### Your goal
The reply should be an exact repeat of the listing, with no pictures in it.

### Data shown
★ ★ ★
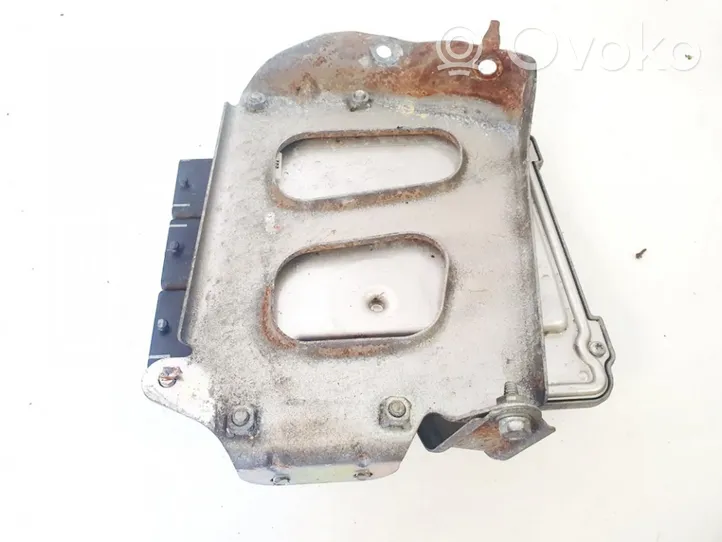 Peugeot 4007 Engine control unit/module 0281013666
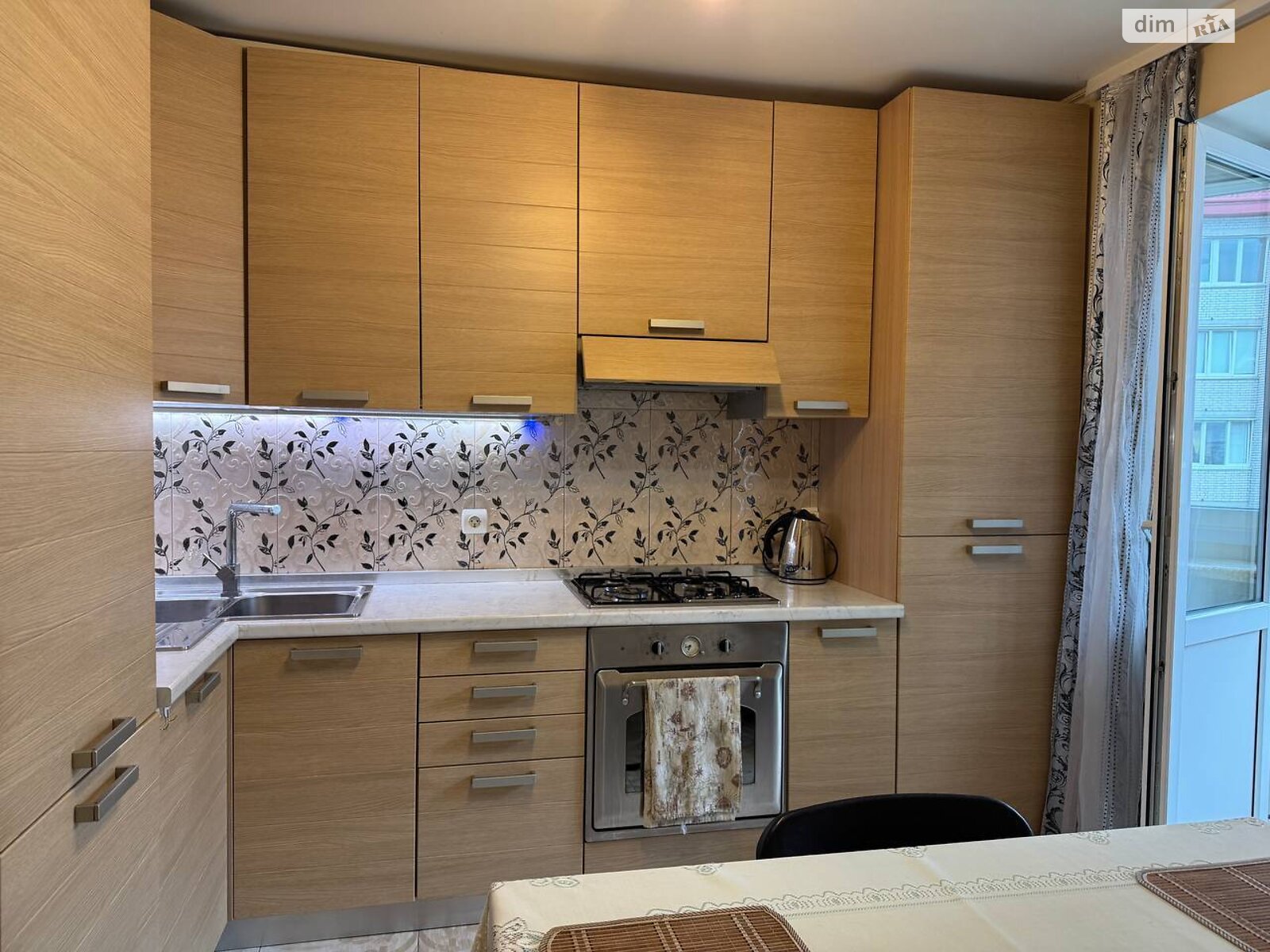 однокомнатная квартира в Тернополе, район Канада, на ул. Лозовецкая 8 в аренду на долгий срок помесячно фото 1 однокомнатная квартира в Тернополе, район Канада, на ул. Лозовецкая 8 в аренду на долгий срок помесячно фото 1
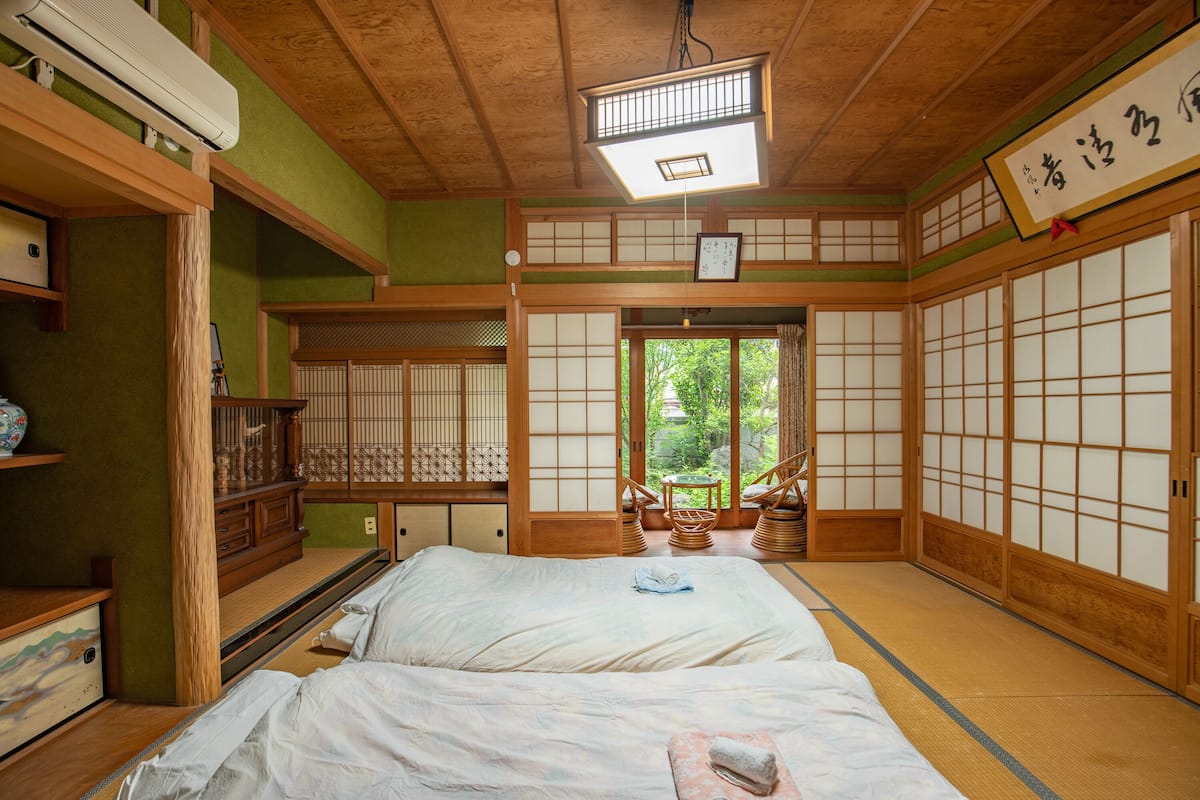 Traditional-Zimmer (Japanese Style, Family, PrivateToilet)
★ ★ ★
### Response area
 Peugeot 4007 Engine control unit/module 0281013666
 однокомнатная квартира в Тернополе, район Канада, на ул. Лозовецкая 8 в аренду на долгий срок помесячно фото 1 однокомнатная квартира в Тернополе, район Канада, на ул. Лозовецкая 8 в аренду на долгий срок помесячно фото 1
 Traditional-Zimmer (Japanese Style, Family, PrivateToilet)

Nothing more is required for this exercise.